_What you have to do_.
In your reply, repeat the full listing exactly and leave each picture out.

· · ·

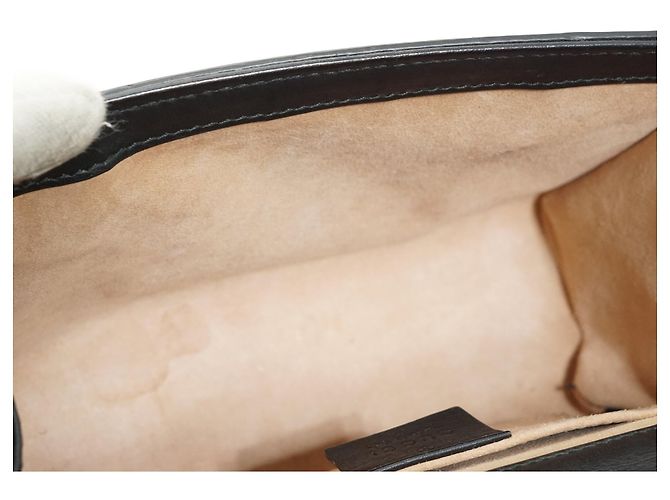 Padlock Gucci Picca borsa a tracolla con catena, decorata con perle sintetiche, borchie e lucchetto - vista 13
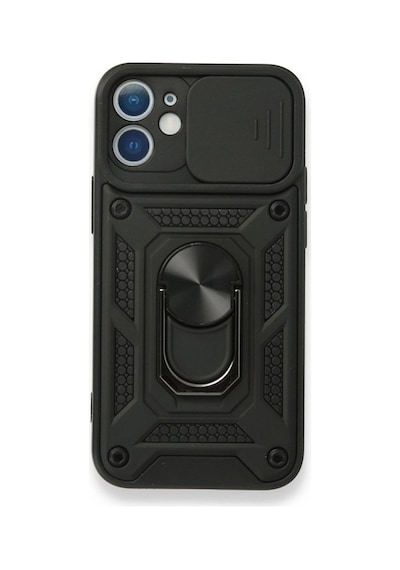 Smcase Apple Uyumlu iPhone 11 Kılıf Kamera Korumalı Yüzüklü Tank Pars Silikonnano Ekran Koruyucu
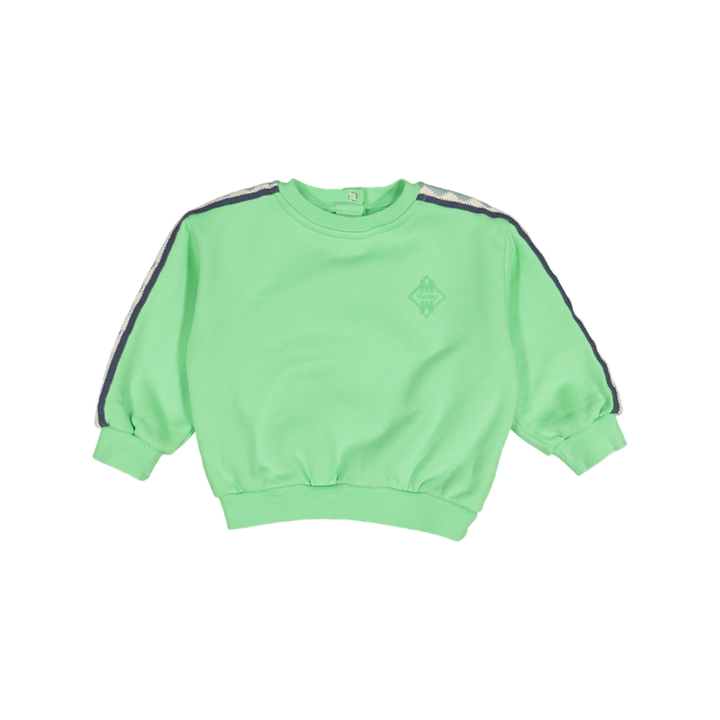 NICO SWEATSHIRT OVERSIZE BALOON FIT-BASIL GREEN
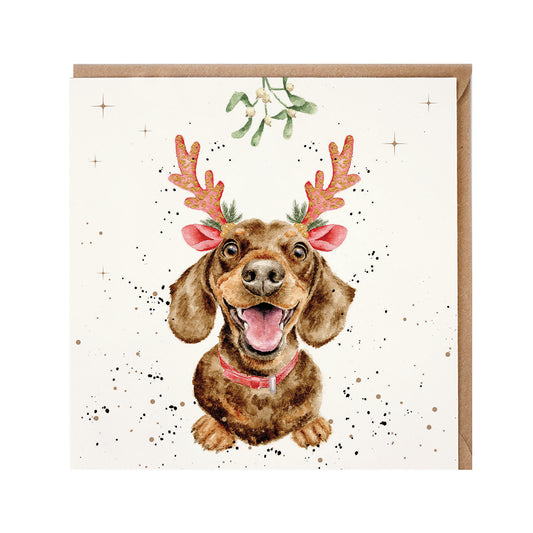 Wrendale Card - Mistletoe & Barks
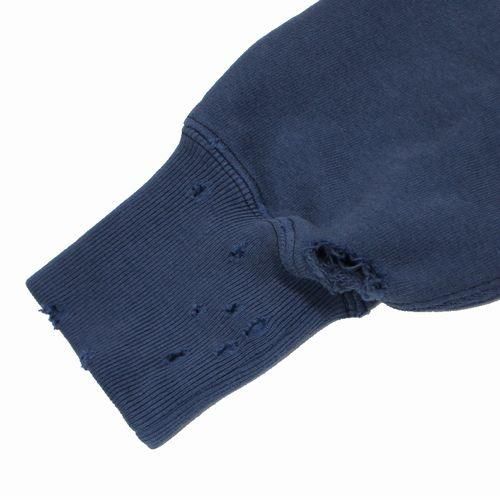 MAATEE&SONS マーティーアンドサンズ】SWEAT 掠れNAVY - THIRTY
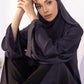 Charcoal : Abaya & Hijab Set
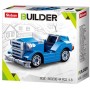 SLUBAN Builder Modrý kabriolet auto veterán 44 dílků STAVEBNICE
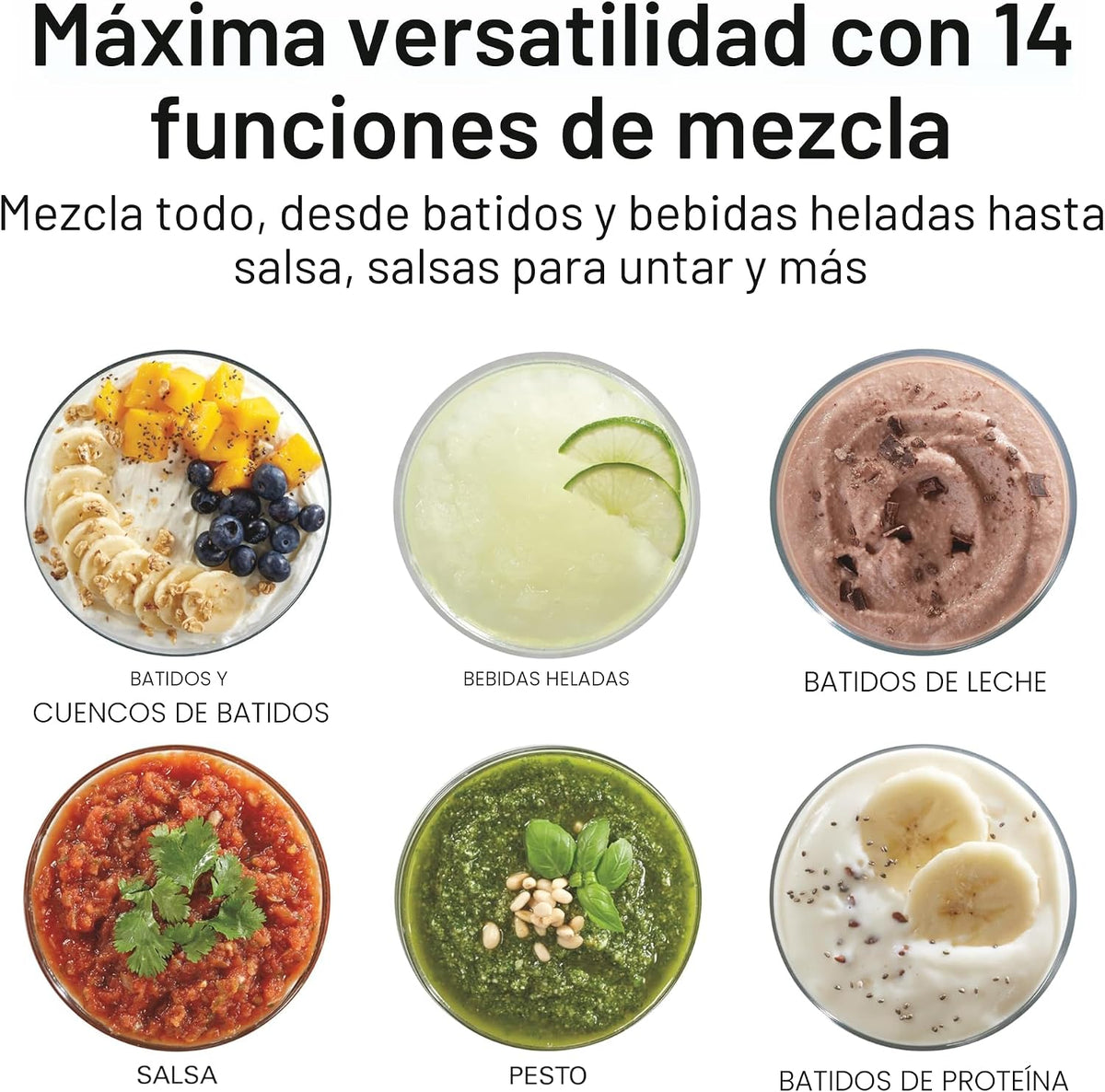 Hamilton Beach Wave licuadora y trituradora multifunción, 40 oz con...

· · ·

_Exercise answer_.
 Padlock Gucci Picca borsa a tracolla con catena, decorata con perle sintetiche, borchie e lucchetto - vista 13
 Smcase Apple Uyumlu iPhone 11 Kılıf Kamera Korumalı Yüzüklü Tank Pars Silikonnano Ekran Koruyucu
 NICO SWEATSHIRT OVERSIZE BALOON FIT-BASIL GREEN
 Wrendale Card - Mistletoe & Barks
 MAATEE&SONS マーティーアンドサンズ】SWEAT 掠れNAVY - THIRTY
 Charcoal : Abaya & Hijab Set
 SLUBAN Builder Modrý kabriolet auto veterán 44 dílků STAVEBNICE
 Hamilton Beach Wave licuadora y trituradora multifunción, 40 oz con...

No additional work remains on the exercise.